November 10, 2019 Rohr-Blog Leave a comment

2019/11/10 Commentary: ‘Santa’ already in town (redux)

© 2019 ROHR International, Inc. All International rights reserved.

Extended Trend Assessments reserved for Gold and Platinum Subscribers

COMMENTARY: WEEKEND: November 10, 2019

‘Santa’ already in town (redux)

But is it Mr. Claus or someone else?

This year is a bit different than the end of last year (more so like 2017) in the context of just how upbeat the US equities performance has become into late year. Despite the overhang from the continuing US-China differences, it has been injected with steroids on the sense that those talks are continuing.

At the very least, any near term agreement will lead to the cancellation of the US tariffs increase that was supposed to be implemented into mid-December. The question over whether any 'Phase I' agreement amounts to nothing more than Donald Trump's need to 'declare victory and go home' remains (see Thursday's 'The Bank Overshadowed by US-China News' emailed research note for more.)
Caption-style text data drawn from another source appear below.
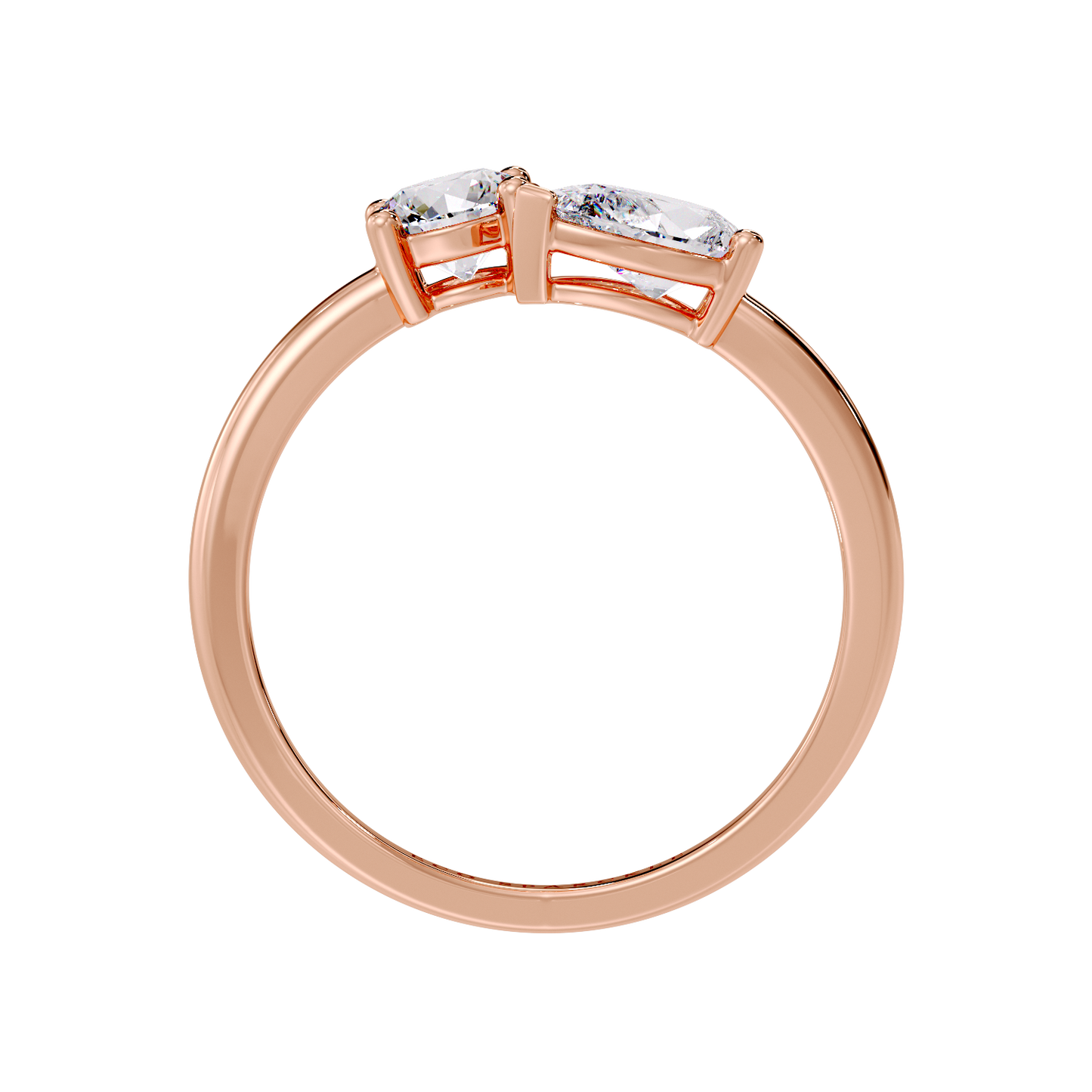 TWO STONE RING ROUND & PEAR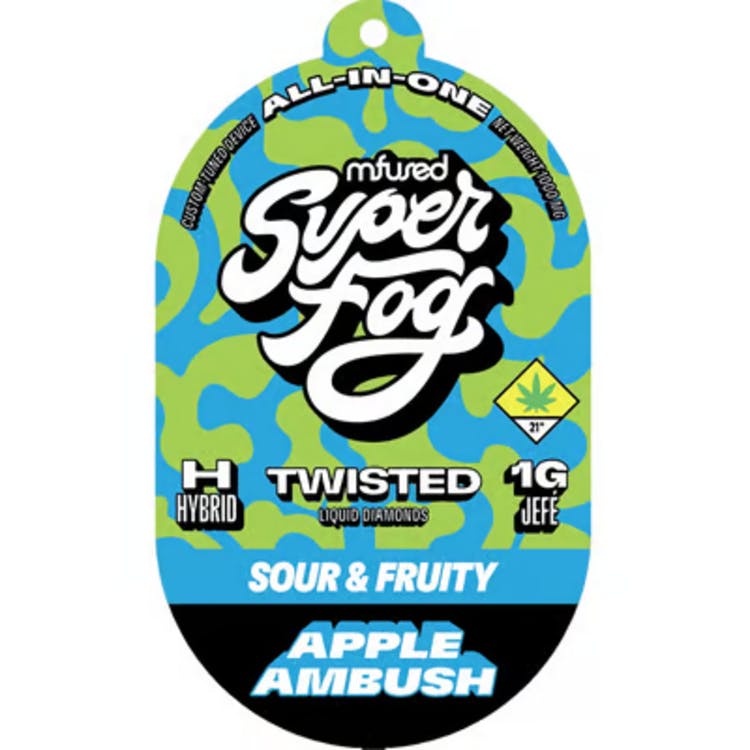 elf bar vape uk MFUSED Super Fog Disposable Vape Twisted Sour & Fruity Apple Ambush  (Flavored Liquid Diamonds) mf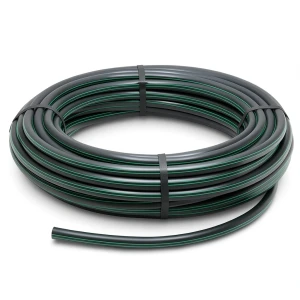 HDPE Plastic Coil Pipe Nominal Pressure 6 Bar PE63 OD 50 mm SDR 17.6 Black with Green Stripes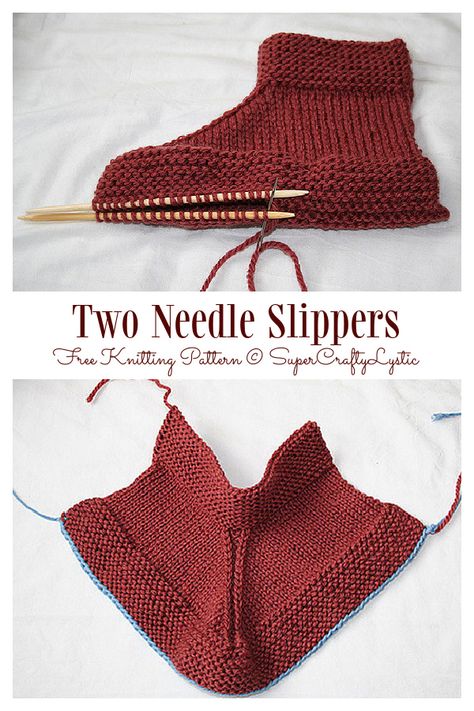 Two Needle Slippers Free Knitting Pattern - Knitting Pattern Chunky Slippers, Knitted Socks Free Pattern, Knit Slippers Free Pattern, Intermediate Knitting Patterns, Crochet Slipper, Easy Knitting Patterns Free, Knit Slippers, Knit Items, Shawl Knitting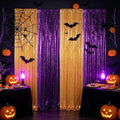 ShinyBeauty Sequin Backdrop Curtains 4 Panels 8ft Gold Purple by ShinyBeauty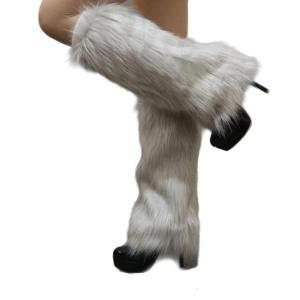 Fuzzy Faux lông thú làm ấm chân lông thú gót bốt cổ cao còng bìa có đàn hồi một cặp carnivals vỏ bọc vỏ chắn bụi Y2K JK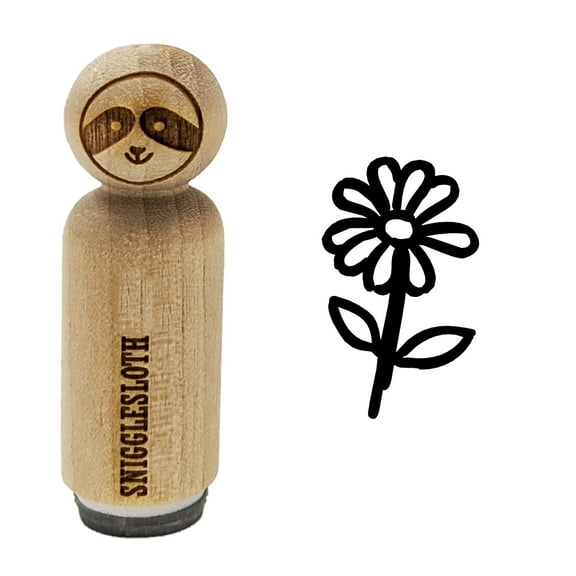 Daisy Flower Sketch Rubber Stamp for Scrapbooking Crafting Stamping - Mini 1/2 Inch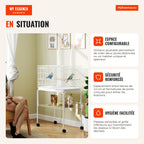 Cage pour Oiseaux avec Diviseur Cage sur Roulettes pour Perruches Canaris Cage avec Mangeoires Perchoirs et Plateau Amov — Infografia FR (em utilização)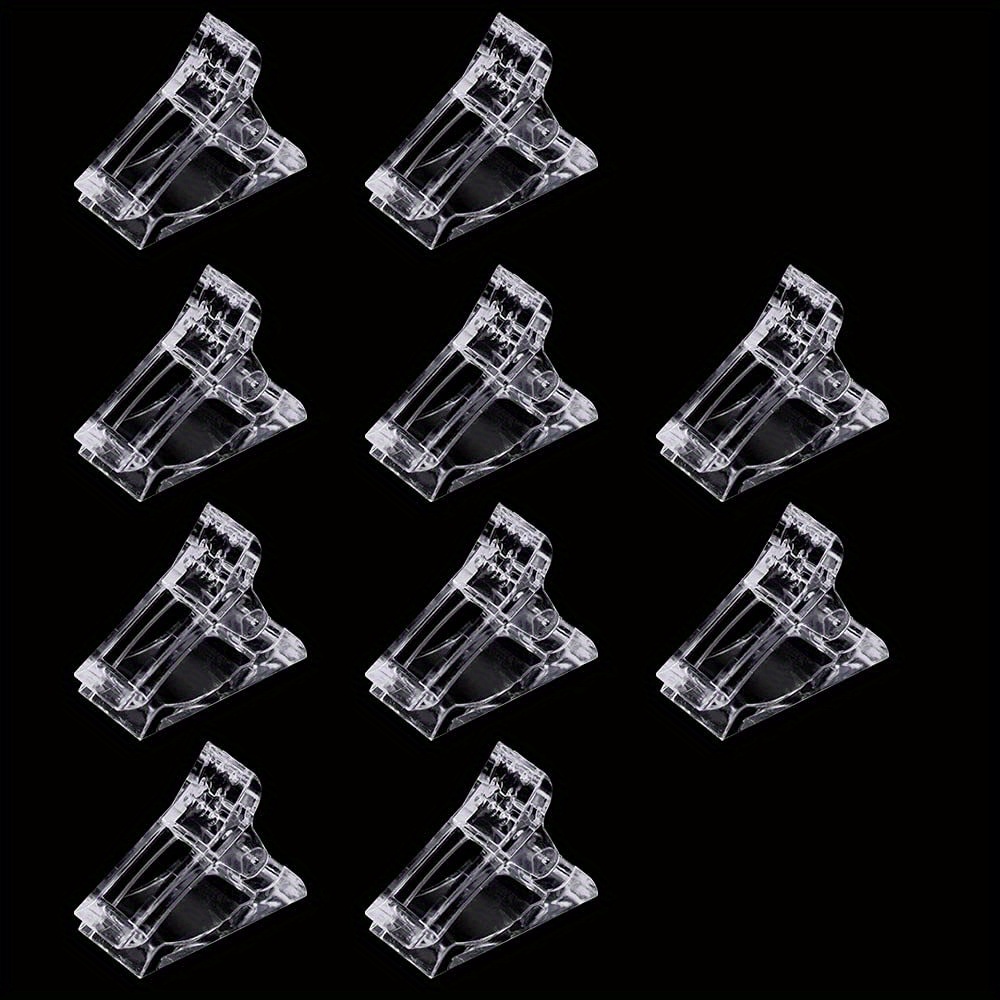 TEMU 10pcs Nail Tips Clip For Building Gel Nail Forms Nail Clips For Finger Nail Extension Led Builder Clamps Manicure Nail Art Tool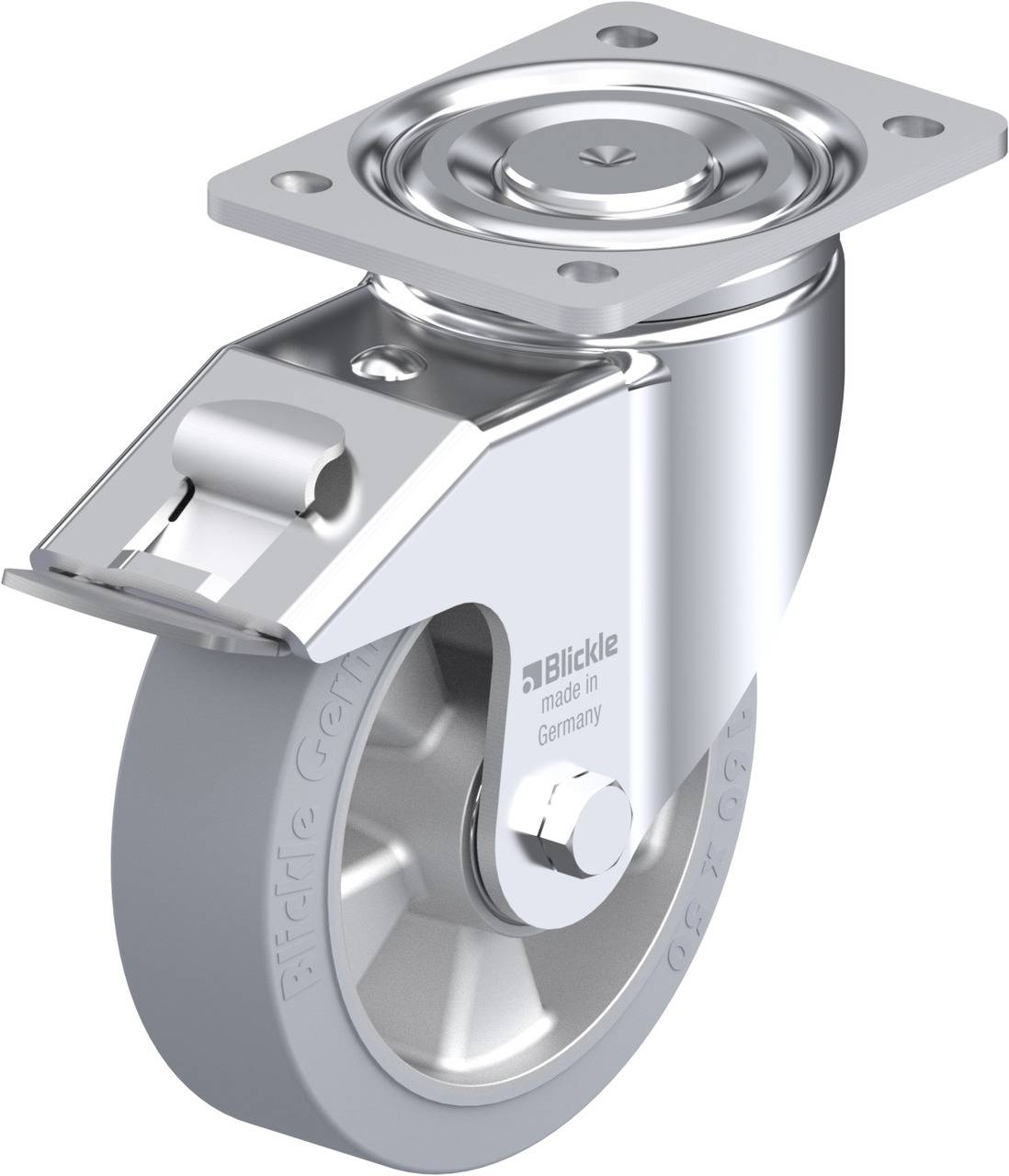 Blickle 590166 LH-ALEV 160K-FI-SG Kółko skrętne z hamulcem Średnica koła: 160 mm Maksymalne obciążenie: 400 kg 1 szt. - obrazek 1
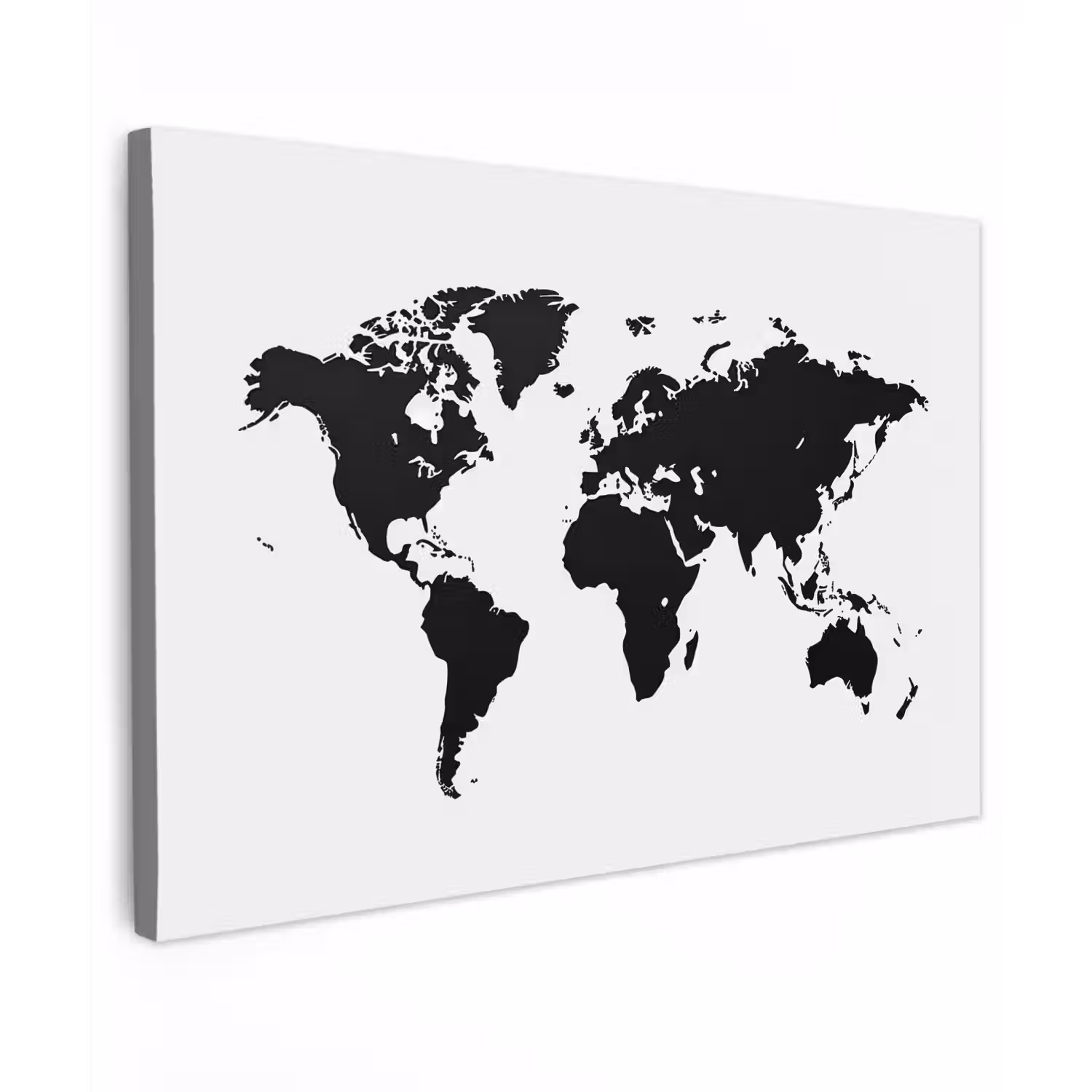 Wereldkaart - Contrast - Zwart - Wit Tuinposter op houten frame 2 cm dik klein -3d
That this seems a bit more likely in the face of other pressures on Trump is moot in the near-term. The sight of him and Chinese President Xi signing any agreement will encourage thoughts of broader rapprochement to come; regardless of how far apart the two sides may remain on the more substantive critical issues.

However, US equities extended their rally into the end of last week despite first the Trump administration, and then the man himself, refuting Chinese claims that a broad tariffs rollback agreement had been agreed. So what could possibly be so influential as to overshadow the idea there are still stumbling blocks on the way to even the limited Phase I agreement? Well, in the context of the overall US equities strength finally extending late this year after stalling repeatedly against topping indications since July (see any recent research notes for more on that), there could already be a strong seasonal factor influencing the Evolutionary Trend View

The general psychology remains the same as any other strong year insofar as our long-standing views on the ‘Santa’ influence in the markets remains as always, yet based on something more than a jolly old guy in a red suit. In 2017 US tax reform certainly provided a plethora of blessings for US equities from multiple factors on the outlook into 2018. Of course, as the market is a ‘creature of expectations’, that is now being strongly reflected this year.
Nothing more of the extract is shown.